Roundtable Discussion
By Christopher Byrne
In this first Brand Impact Roundtable discussion, Royalties recognizes that retail space is dwindling, many parts of the economy are trending downwards, and consumers are in no mood to buy. So why are folks in corporate branding feeling good? Well, for one, according to many, corporate licensing is largely recession-proof, but taking the longer view, experts recognize that the economy is always cyclical and that, though it may be a roller coaster ride for a time, the ups and downs are endemic to the business. Finally, many agree that there is a greater understanding than ever before of the value of strategic expansion. The business is, as always, in flux, and no matter what is going on the ability to respond, strategize, and take a forward-looking perspective is essential to long-term success.
Brand Impact: How has branding strategy changed in recent years?

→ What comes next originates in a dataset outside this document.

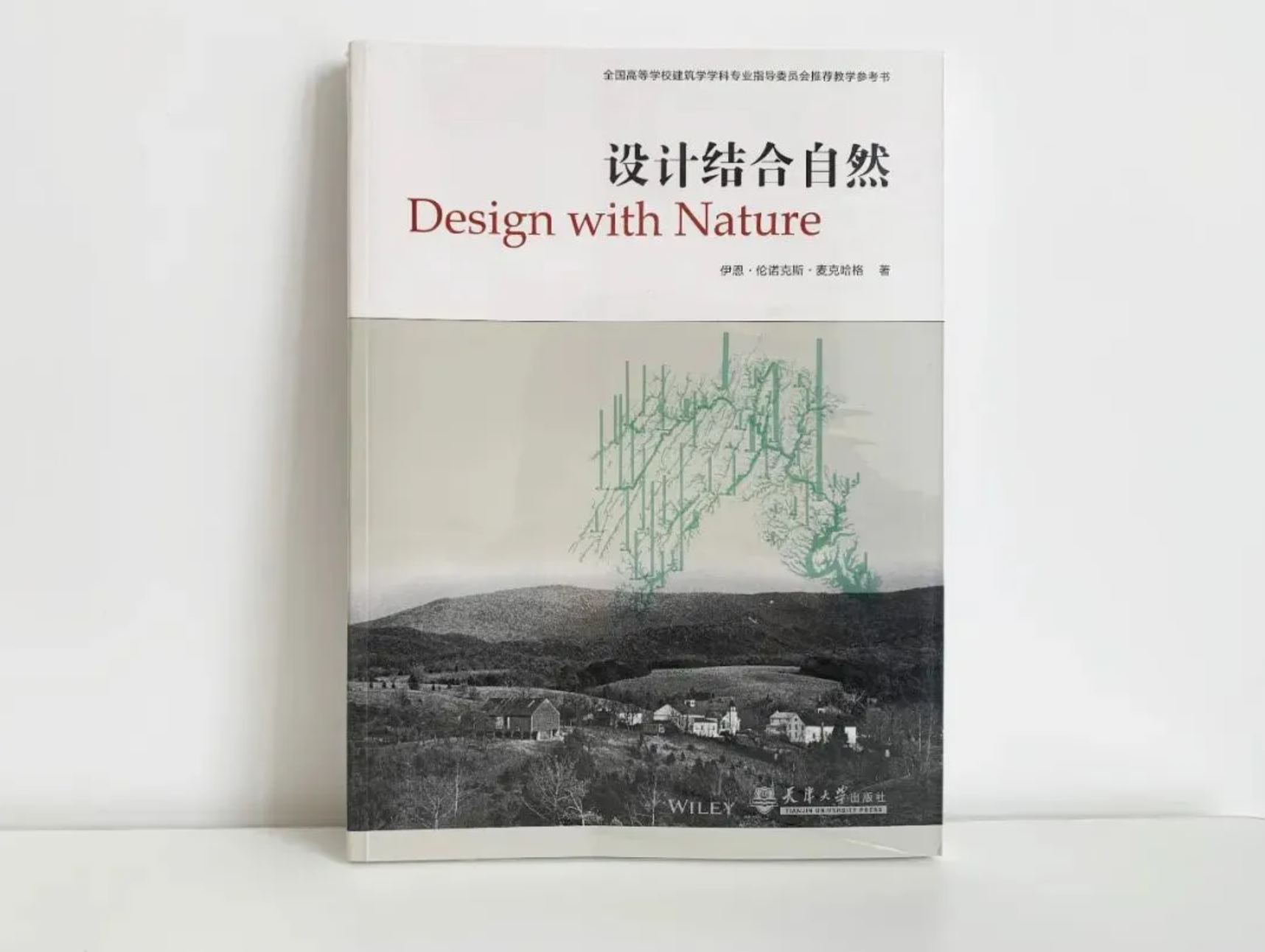 设计结合自然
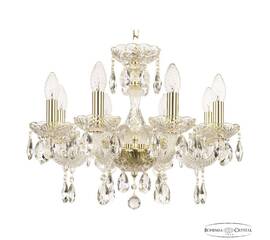 Подвесная люстра Bohemia Ivele Crystal 117/8/165 G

Alfandari: Brand licensing strategies have changed inasmuch as more companies recognize that licensing is a business development model that should be considered in much the same way as an acquisition, merger, joint venture, or other strategic alliance. More companies understand that licensing is not simply a marketing tool; through marketing is surely a deliverable. Additionally, the overall equity of corporations is being valued on their IP as much or more than on their tangible assets. Therefore, a greater appreciation of leveraging intellectual property to create greater value is a trend. Licensing is clearly a means of demonstrating tangible value from an intangible asset.